The Obama administration in Washington and the Brown administration in Sacramento claim high speed rail will reduce traffic congestion and air pollution. California’s high speed rail cost escalation and technical appendices from the planning documents for virtually all high speed rail system show that hope to be in the category with the proverbial used-car salesman claims that, today, would attract the attention of a state attorney general.
Like that hanger-on technology, magnetic levitation, high speed rail might well have been able to make a significant mark in US transportation if the airplane had never been invented. If there were no airplanes, high speed rail might even be able to pay for itself. But it is 2012, not 1890 and the airplane is here to stay.

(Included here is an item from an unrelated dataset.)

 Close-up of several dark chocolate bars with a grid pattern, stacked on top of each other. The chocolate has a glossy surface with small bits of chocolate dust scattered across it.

So are cars. Automobiles provide far less expensive transportation that is far more convenient, leaves it leaves you in the garage, not at a station 20 miles away where you have to wait for a bus, find a taxi or rent a car). Besides being available for the trip to Fresno, Cherry Hill or Bloomington-Normal, the car gets people around these places better than anything ever invented.

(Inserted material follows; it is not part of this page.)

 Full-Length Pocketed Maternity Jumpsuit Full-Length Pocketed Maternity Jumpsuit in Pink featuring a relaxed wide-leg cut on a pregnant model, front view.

Mass transit is beyond competition when it comes to getting to work south of 59th Street in New York or the Chicago Loop, but little of America (or anywhere else) looks like that. Mass transit is in the minor leagues compared to the car in terms of its access around the modern urban area. Approximately 85 percent of driver are able to get to work in 45 minutes. In contrast, data from the Brookings Institution indicates that the average metropolitan area resident is within only six percent of jobs in 45 minutes by mass transit. As a result, spending tax money to attract people out of their cars to mass transit has about as much hope for success as trying to get people to replace their modern refrigerators with mid-19th century ice-boxes.
In the final analysis, attempts to restore an over-romanticized past or to lure people into accepting greater inconvenience despite having better and less expensive options is futile. That’s why the driverless car makes so much sense.
Already Google has conducted experiments with the automated car that have been so successful that they are now permitted in Nevada. Winston suggests that by automating cars, it will be necessary to separate automobile traffic from truck traffic, which will make it possible to provide additional traffic lanes within the existing road footprint. Non-automated cars and trucks would continue to operate in conventional, wider lanes on the same right-of-way. Another advantage would be that with the automated control, more cars could be accommodated in each lane. The need for highway expansion would be largely displaced by substantially improving capacity by upgrading highways with 21st century technology.
Winston has been a critic of overly expensive urban rail systems and transit subsidies. Driverless cars were also the subject of a Wall Street Journal commentary by Randal O’Toole in 2010.